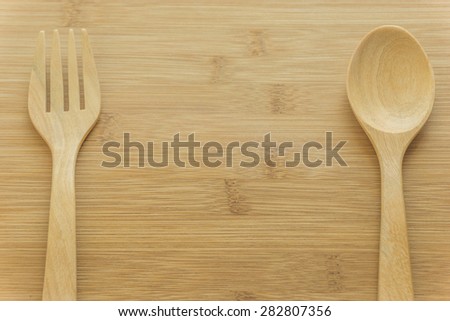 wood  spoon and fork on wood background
----------
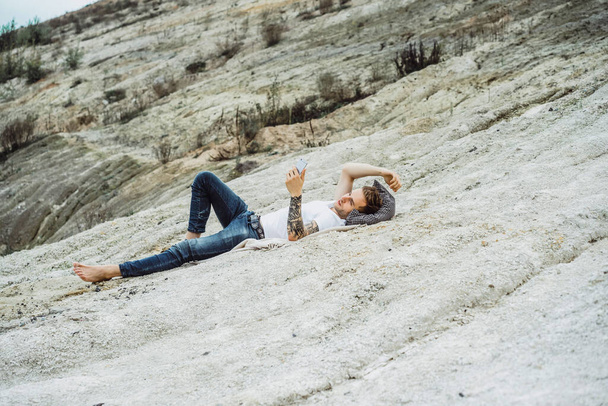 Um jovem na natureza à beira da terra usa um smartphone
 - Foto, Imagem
----------
— Task requirements —
Using the data above, print only the lines starting at the one with "Um jovem na" and ending at the one with "- Foto, Imagem", exactly as they stand, minus the pictures.

— Response to the exercise —
 Um jovem na natureza à beira da terra usa um smartphone
 - Foto, Imagem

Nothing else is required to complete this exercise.